Goa's a bit like a rock sample cross-section you might study in geology. It exists on several levels at once, some strata fully covering earlier deposits, other shafts zig-zagging through subsequent generations to the surface.
In this stratigraphic analogy, the law of social superposition applies to each generation of Goan, from the pre-Portuguese Hindus to the seasonal immigrants who maybe just answer to Karma.
Like the rest of the sub-continent, Goa seem like a stable place only from a safe distance, but get up close and you can see it's teetering on the brink of total mayhem. India has its own Tectonic Plate. The whole country seems to tremble from the lack of an underpinning legal system.
Then the Portuguese laid down alter of Christianity. Sandwiched between the shaky subcontinental bedrock and a top-layer of New Age tourism, Goan Christianity is comparatively quiet, private cultural strata. In Hyderabad, the Muslim's brought a slab from holy Mecca to wedge in the Majjid Mosque's outer wall, which market men scramble past 5 times a day under the wafting Iftar. At Pushkar Lake, Hindu families and neighbors amble up the mountain path to Sivitra Temple together, inviting every tourist and rickshaw-wallah along the way. In Goa, the 30% Christian population dress up on Christmas to worship respectfully behind whitewashed church walls.
The surface layer is an amalgam of beach sand, little shells deposited in the surf and the forgotten flip-flop and lost trinket from tourists from all over the world. People come here for many reasons. Some stay at the Marriott and sip waiter-served Mango Lassis from private beach chairs. Some sleep all day on the beach and twirl flaming swords at night. There's a lot of Isrealis fresh from the military with chillums to Trance music. I saw a few Russian couples tattoo'd to the cranium just lounging in front of cabanas and heaps of fried prawns. The pasty Brits are never too far from a Kingfisher or Cobra. The loud Americans are racing to the craggy hill where the parasails take off. The Indian tourists, mostly packs of single men, roam the beaches to gawk at and pester the topless foreign women. And so on... it's kind of like the world's sandbox.

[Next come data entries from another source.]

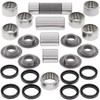 All Balls Shock Swing Arm Linkage Bearing Seal Kit for Suzuki RM125 RM250,Others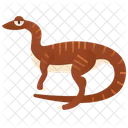 Dinosaurier  Symbol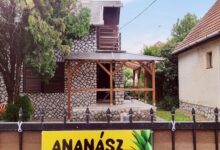 Ananász Apartman Mezőkövesd 
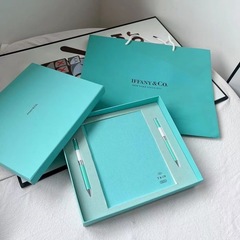 七夕教師の日プレゼントブルー限定ノートボックスセット新作ノート
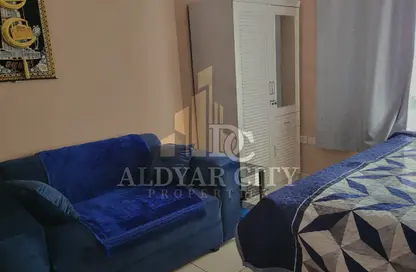 Apartment - Studio - 1 Bathroom for rent in Al Rashidiya - Ajman Downtown - Ajman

But Goa's most interesting present-day feature are the hippies, gray-haired Anglos in batik skirts and open-collar white linen who poke up through the sands like quartz outcrops. Ten years after the Portuguese left, the hippies laid down a thin but valuable igneous layer. They've been coming here every winter since, zig-zagging through the later 'seedimentary' deposits like attenuated veins of shiny but flaky quartz.

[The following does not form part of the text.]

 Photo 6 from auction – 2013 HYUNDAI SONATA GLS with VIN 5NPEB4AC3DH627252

They rent and decorate an old high-ceiling Portuguese villa for a few months and maybe set up a leafy breakfast nook where they can bake fresh bread and pay the meager rent. They run the best spots in Anjuna, missed by even my trusty Rough Guide, and still cling to an underlying Goa, whether real or imagined, despite being surrounded by the vulgarization of their ideals in the luxury hotels and, worst of all, the locals who try to take endless advantage of foreigners, while their welcome presence indicates how rare and cool Goa might once have been.